RECORDS PROVIDED:
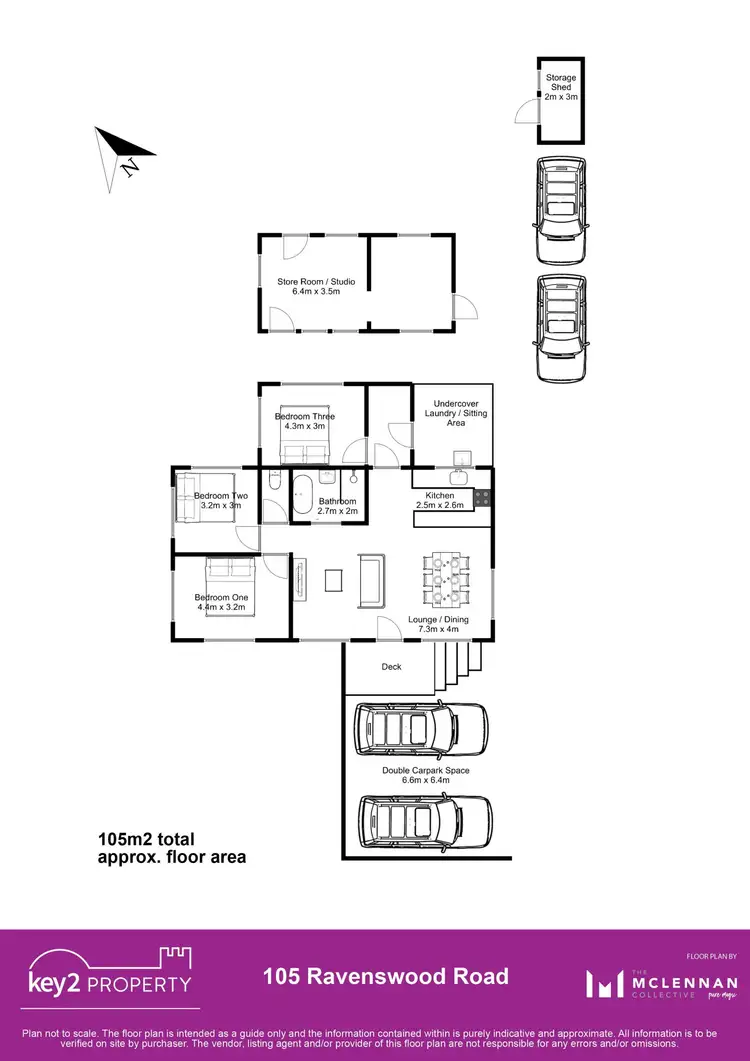 Floorplan of Homely house listing, 105 Ravenswood Road, Ravenswood TAS 7250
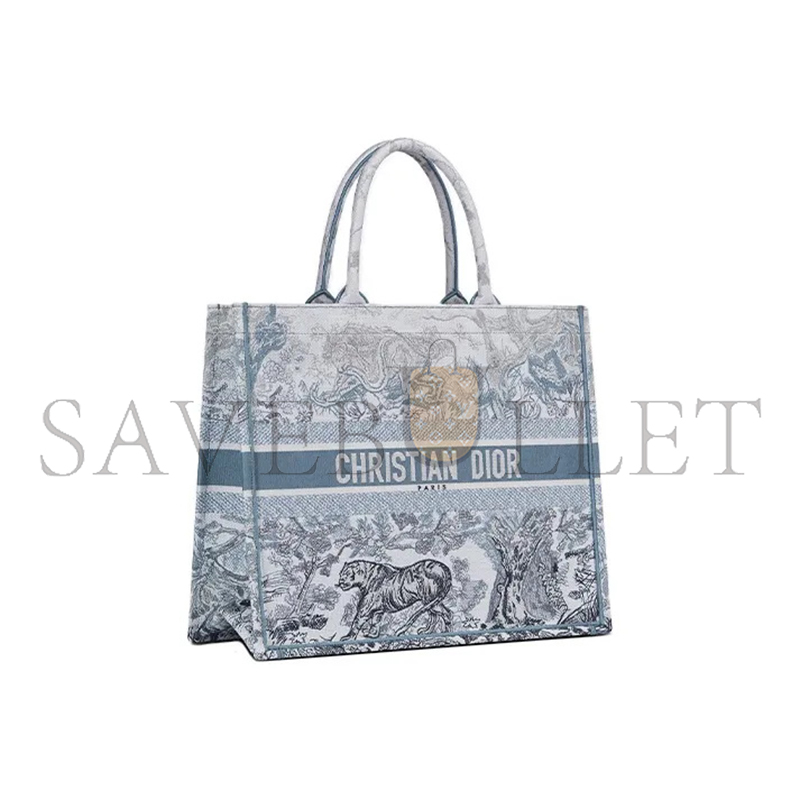 D*or large book tote bag m1286ztqy-m928 (42*35*18.5cm)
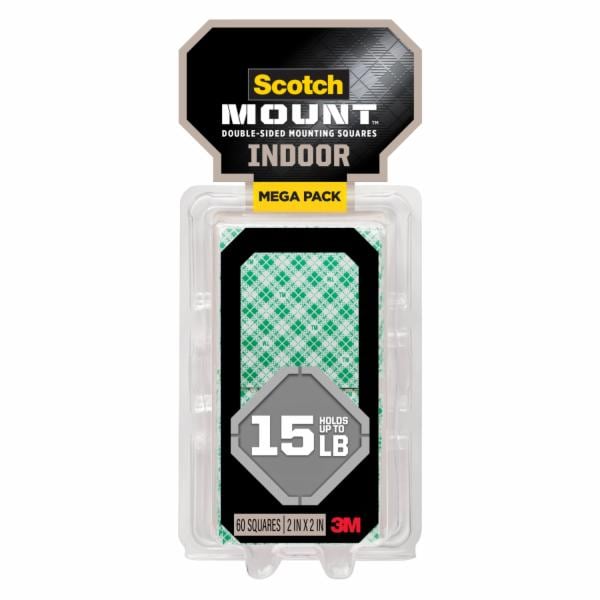 Scotch-Mount Indoor Double-Sided Mounting Squares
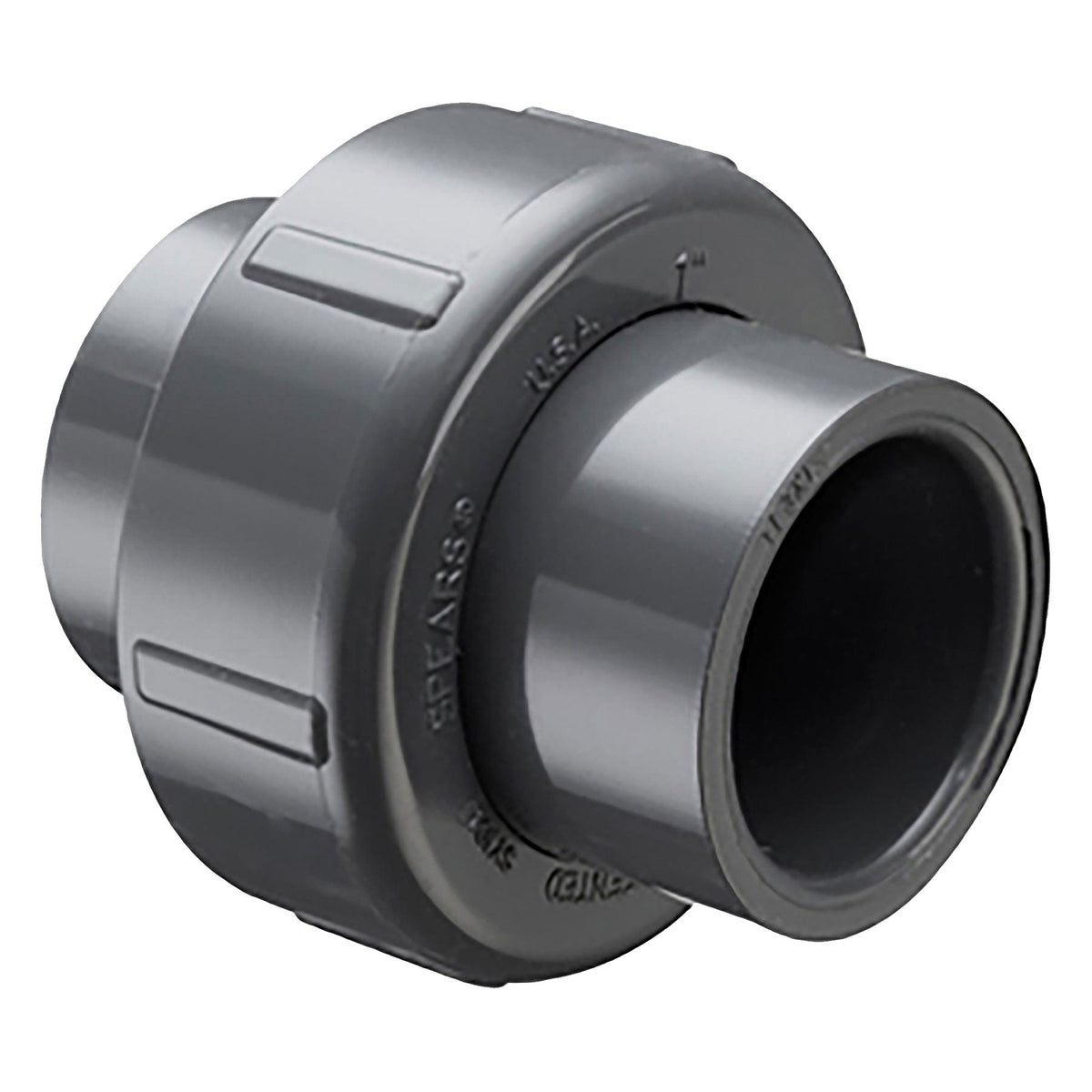 Spears PVC Schedule 80, FKM, Union 2000, 1/2 in. to 6 in. Sizes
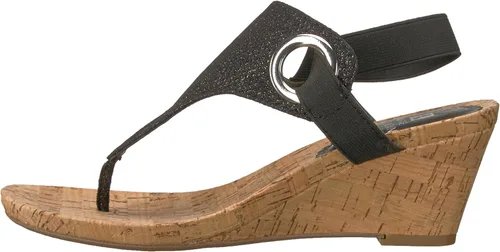 Vista 8 de WHITE MOUNTAIN Sandalia de cuña de corcho Aida para mujer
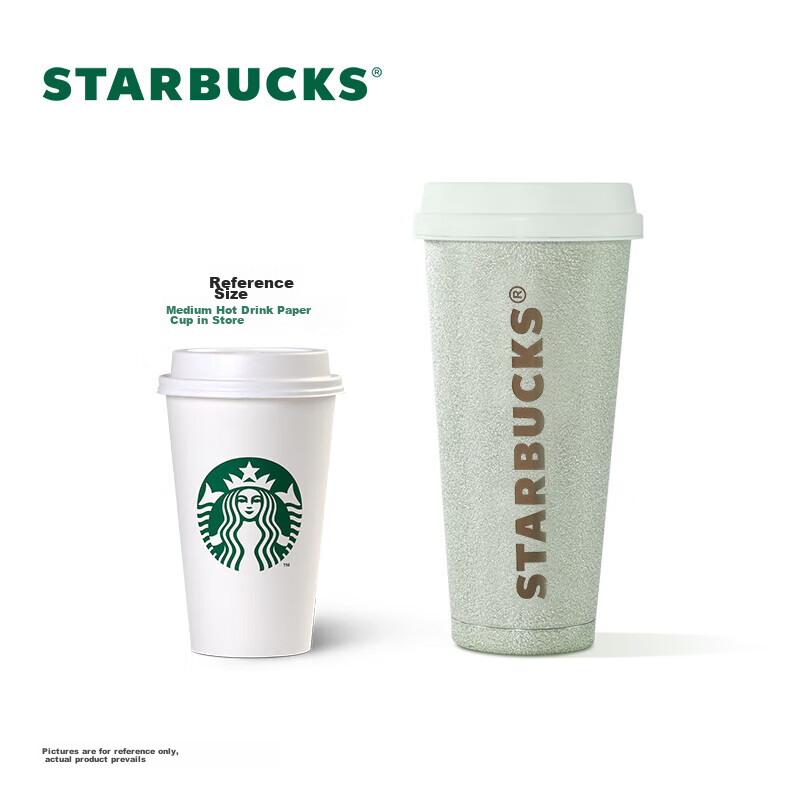 Starbucks Mint Green Stainless Steel Insulated Tumbler, 500ml, Car-Friendly Cold...
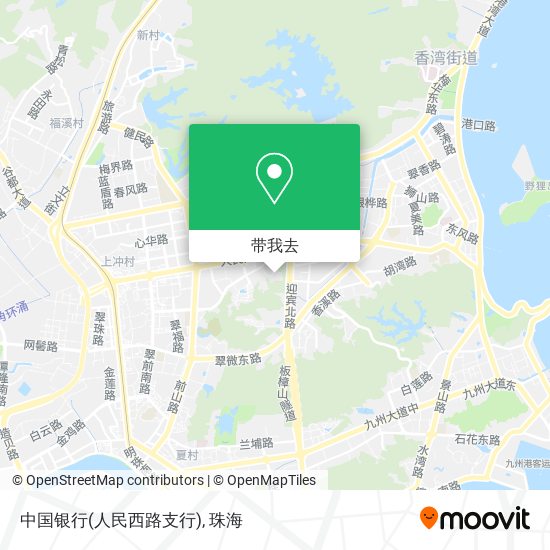 中国银行(人民西路支行)地图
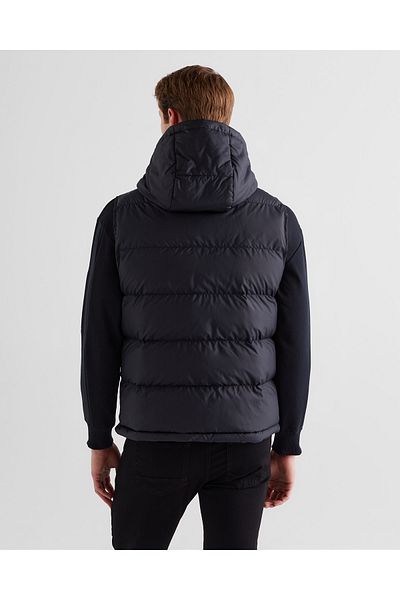 Gant Men's Black Hooded Vest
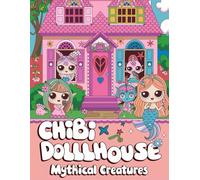 Chibi Dollhouse Coloring Book: Mythical Creatures: 50+ Adorable Pages of Fairies, Elves, Dragons, and More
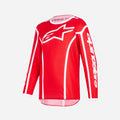 Maglia Alpinestars Fluid Apex per bambini - Rosso/Bianco
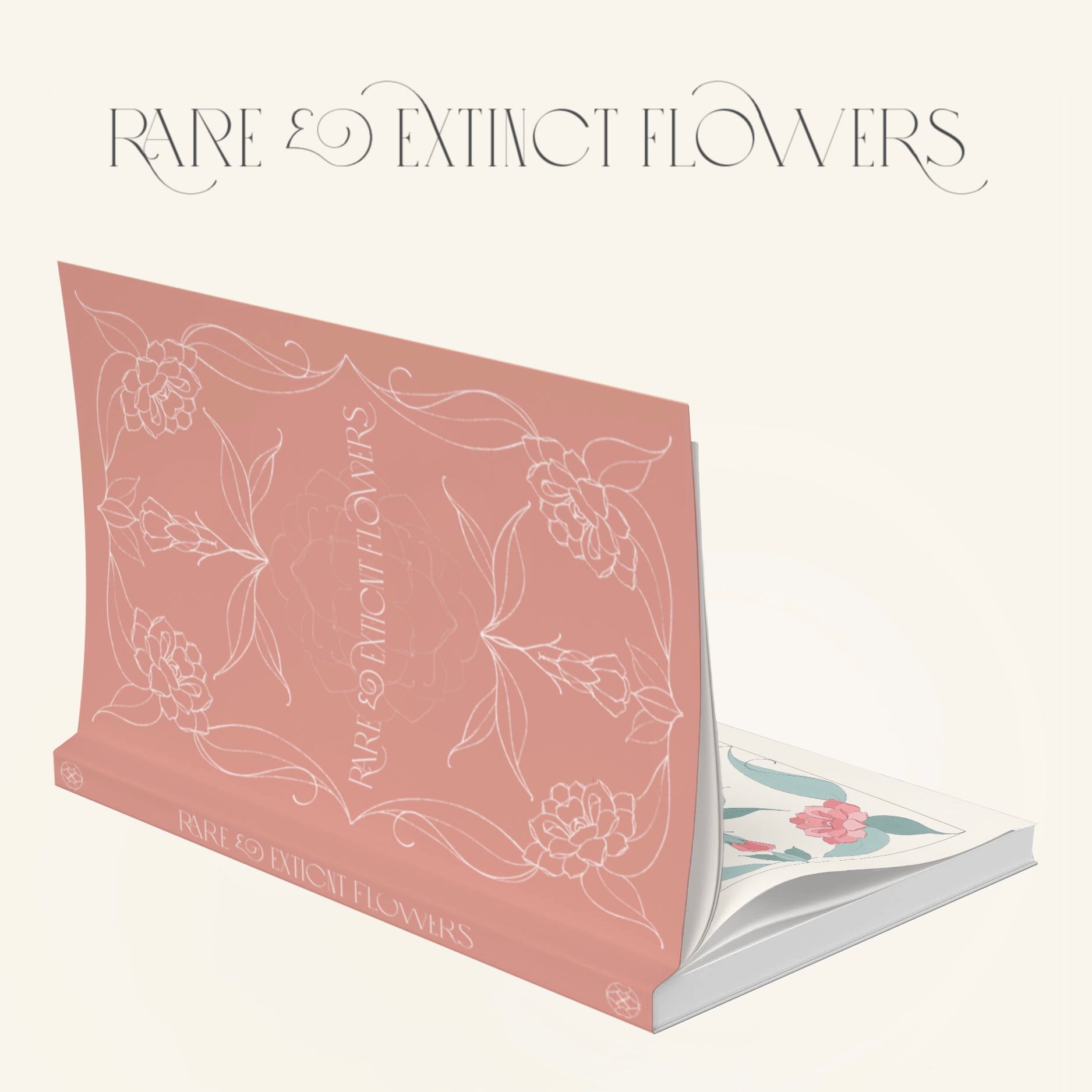 BOOK — Rare & Extinct Flowers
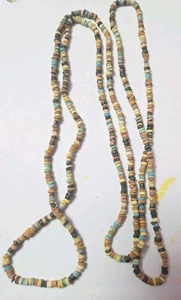 Egyptian Pharaoh's Necklace  Hand Beaded Mummy Beads - Picture 1 of 6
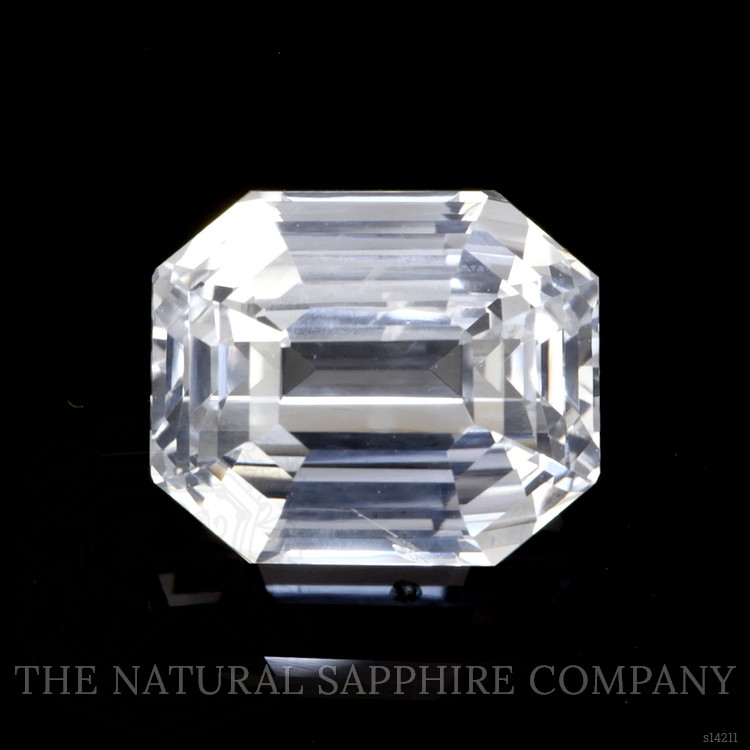 10.04 Ct. White Sapphire from Ceylon (Sri Lanka)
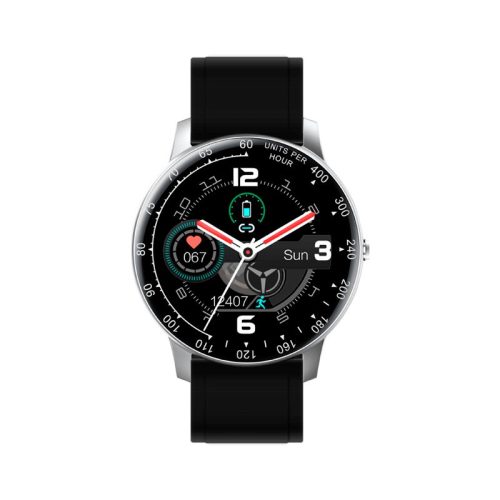 reloj smart watch times square radiant pulsera actividad plata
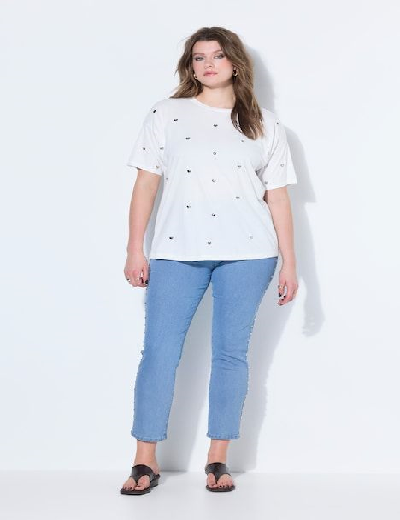 T-shirt SU za polnejše ženske in moške, plus velikost T-shirt SU xxl Ulla Popken in Johann Popken (JP1880)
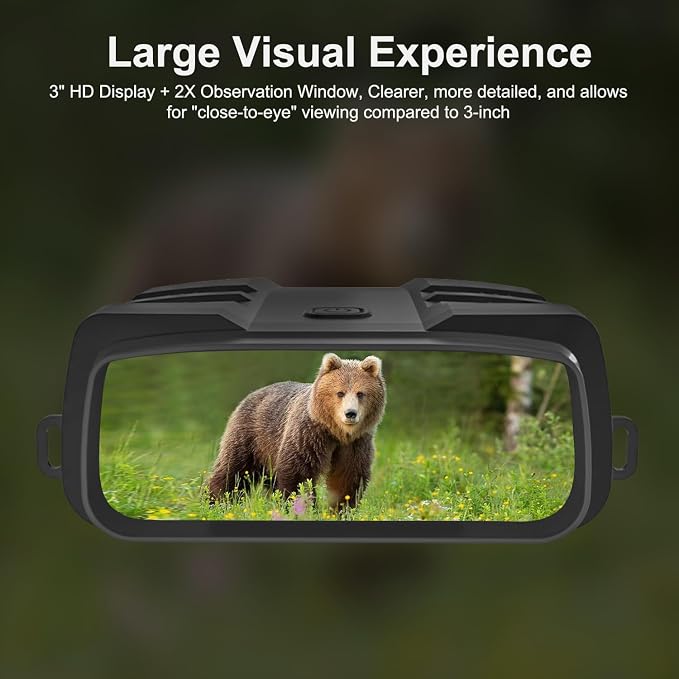 Night Vision Goggles, True 4K Full-Color Night Vision Binoculars, Built-in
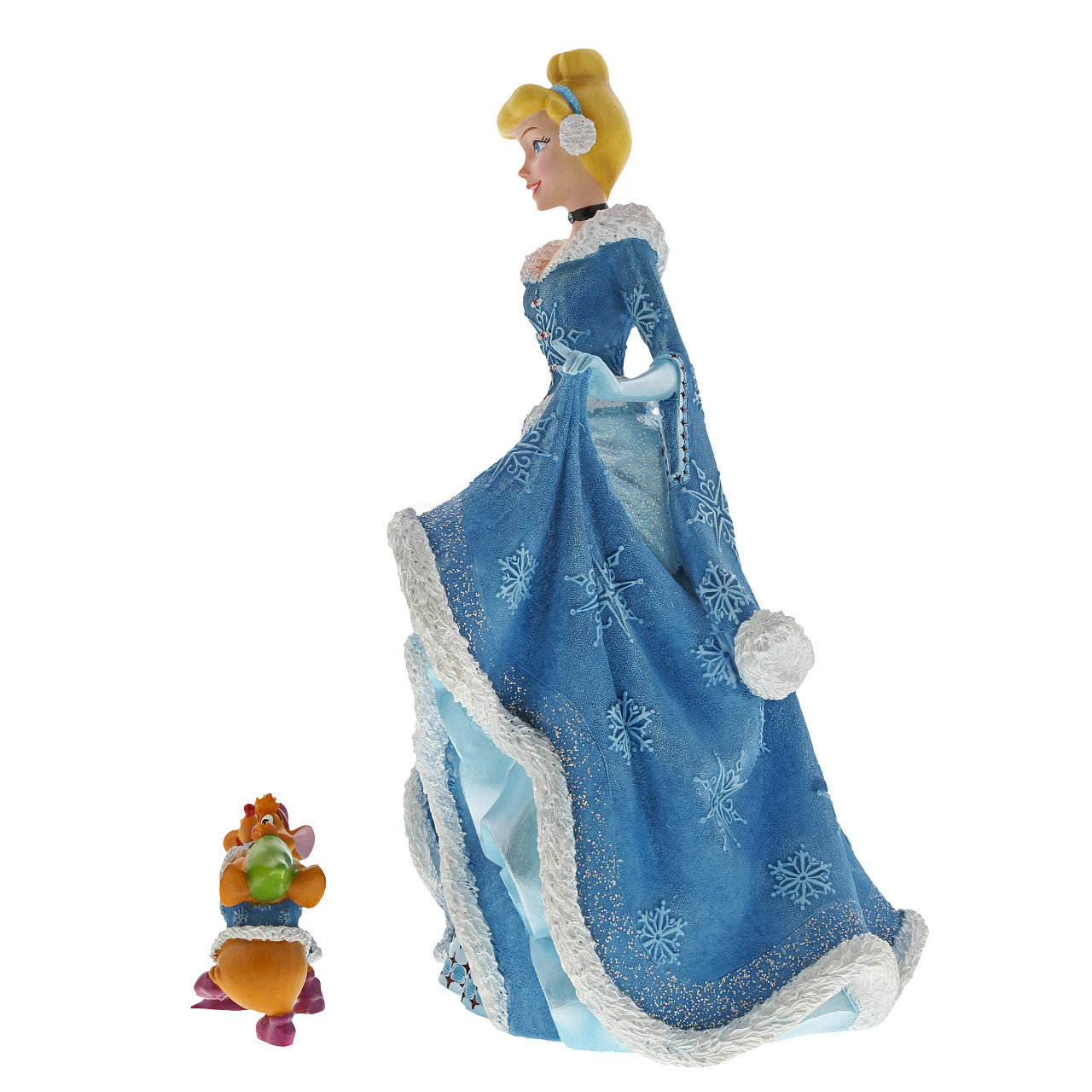 Cinderella with Jaq and Gus Gus Figurine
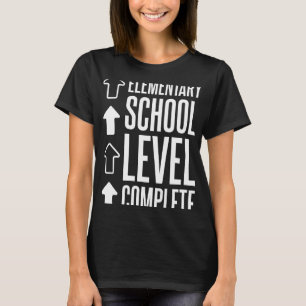 Camiseta Nivel de escuela primaria completado 1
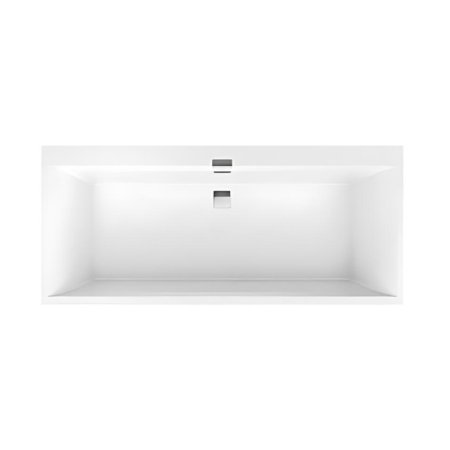 Villeroy & Boch Squaro Edge 12 Duo Wanna prostokątna 180x80 cm z nóżkami i systemem przelewowo-odpływowym biała Weiss Alpin UBQ180SQE2DV-01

WHAT IS EXPECTED:
Starting with the line that holds "Egyptian Pharaoh's Necklace", print each line through the last one of the data exactly as written, but do not include the pictures.

TASK ANSWER:
 Egyptian Pharaoh's Necklace  Hand Beaded Mummy Beads - Picture 1 of 6
 10.04 Ct. White Sapphire from Ceylon (Sri Lanka)
 reloj smart watch times square radiant pulsera actividad plata
 T-shirt SU za polnejše ženske in moške, plus velikost T-shirt SU xxl Ulla Popken in Johann Popken (JP1880)
 Night Vision Goggles, True 4K Full-Color Night Vision Binoculars, Built-in
 Cinderella with Jaq and Gus Gus Figurine
 Camiseta Nivel de escuela primaria completado 1
 Villeroy & Boch Squaro Edge 12 Duo Wanna prostokątna 180x80 cm z nóżkami i systemem przelewowo-odpływowym biała Weiss Alpin UBQ180SQE2DV-01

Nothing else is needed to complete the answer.